Creating a stable platform for dentists and patients
As the pandemic continued, so had the increased use and adoption of telehealth.
Peters says she started by using FaceTime, Skype, Zoom or any platform that a patient had available to diagnose emergency cases at the start of the pandemic. But by switching to SR Telehealth, she was able to triage clients and maintain compliance.
“We would utilize SR Telehealth to help keep the proper appointment in the book,” Peters says. “You know, so much emergency care can sometimes be just listening to a patient going over their signs and their symptoms, which we were diagnosing through a digital connection.”

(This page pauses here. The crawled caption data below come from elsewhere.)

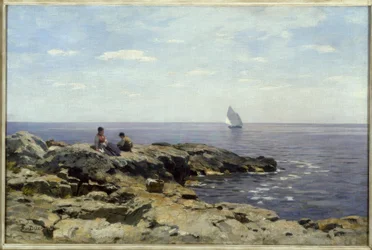 E. Dücker, On the Coast
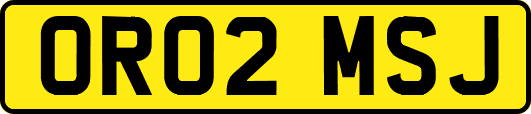 OR02MSJ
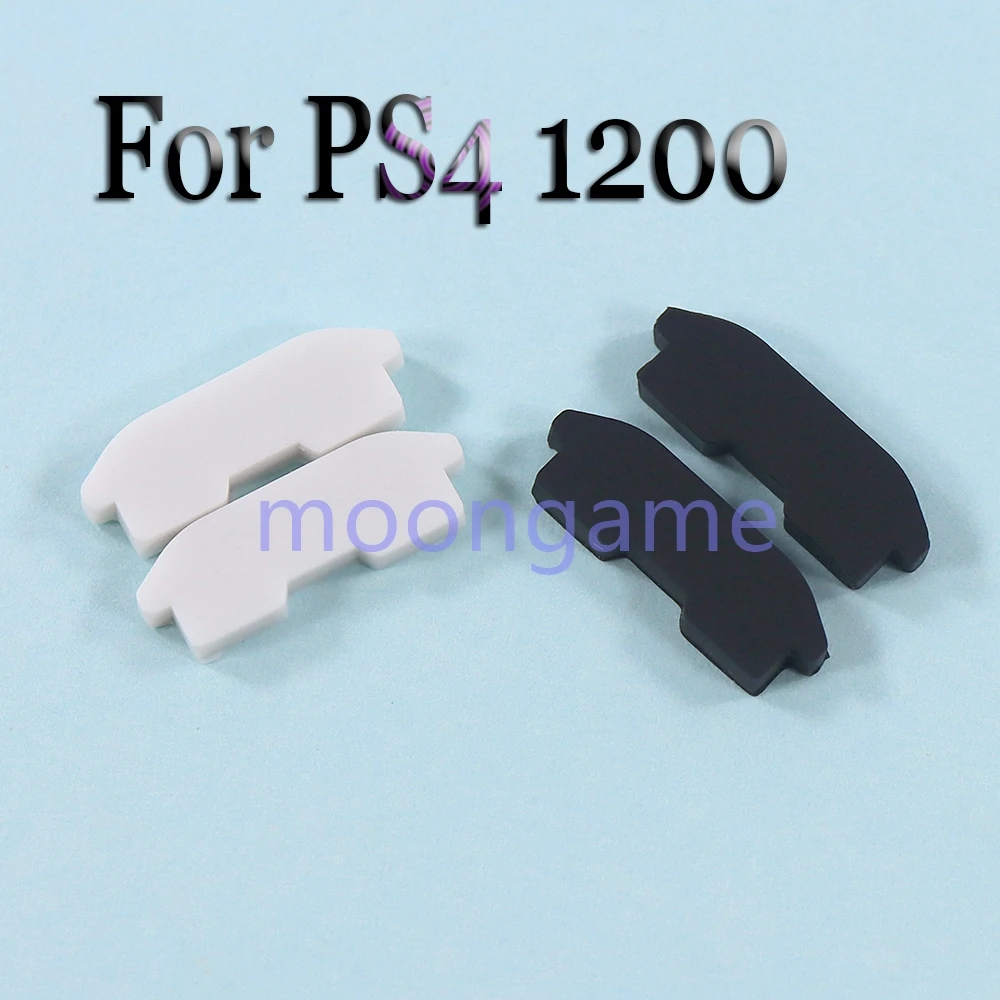 

200pair Host Rubber Silicone Cover Feet Pad for PS4 1200 Console CUH-1200 Feet Dust Cover Controller
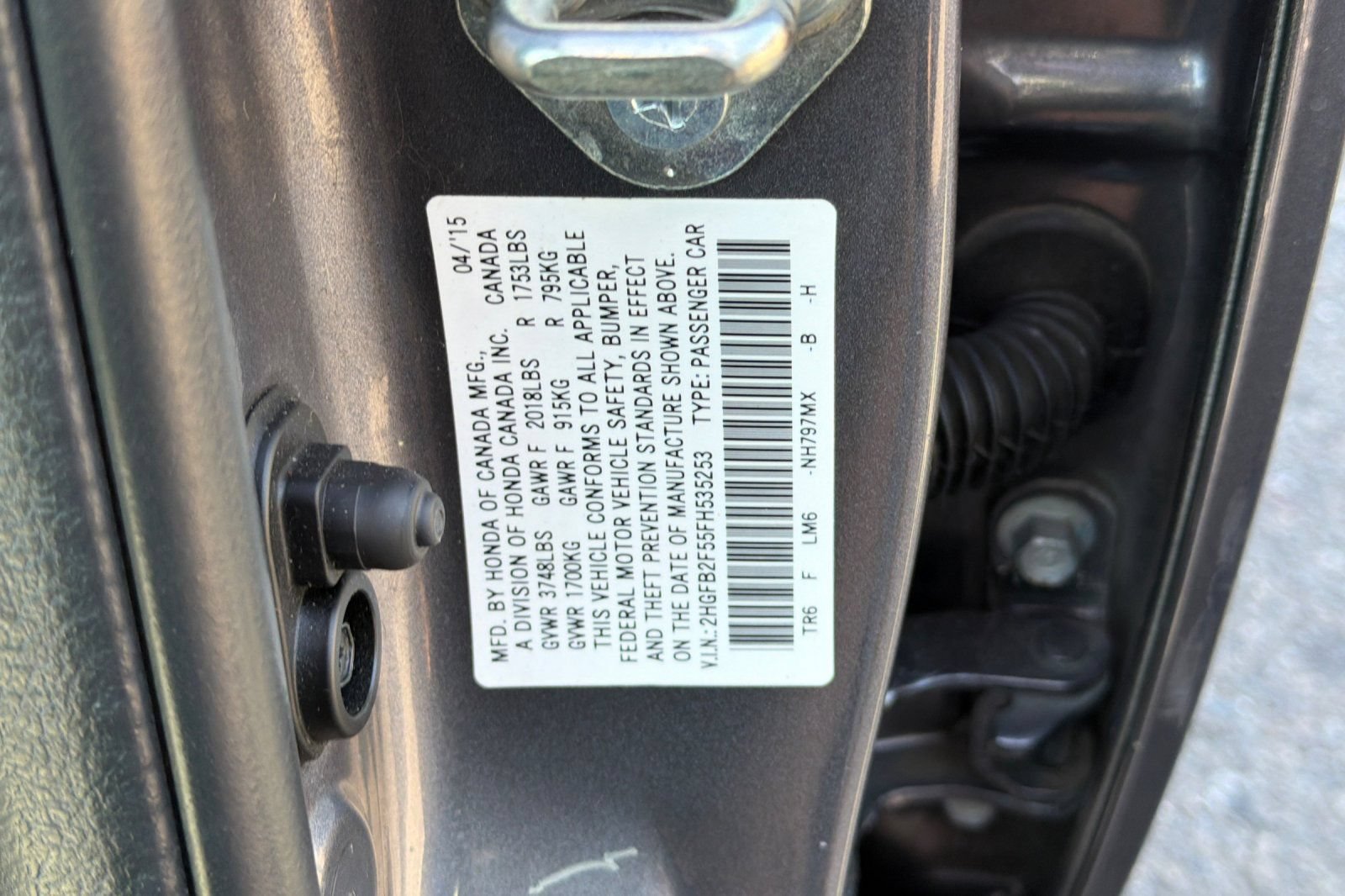 Used 2015 Honda Civic LX image 26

Solutionreach also gave the practice the ability to fill holes in the schedule after cancellations, which kept the practice fully booked immediately after the state reopened. Peters kept a list of patients who had unscheduled crown repairs and when a last-minute hole opened, she would immediately use the texting and emailing technology to send available openings to the list. The message could be sent in bulk, easing the burden on the scheduler to work the phones to try to fill the empty chair.
Leaving a legacy
Though Peters has pivoted to retirement, by jumping on the digital wagon early, she set the practice up for success through Solutionreach. With a website that leaves a lasting impression and technology that can immediately contact patients, the practice is in good hands for their hybrid care model. As she says goodbye through her newsletters, sharing information about her retirement party and welcoming her replacement and other new staff members, she can confidently lend one last piece of advice.
“It’s important to meet our patients where they are,” Peters says.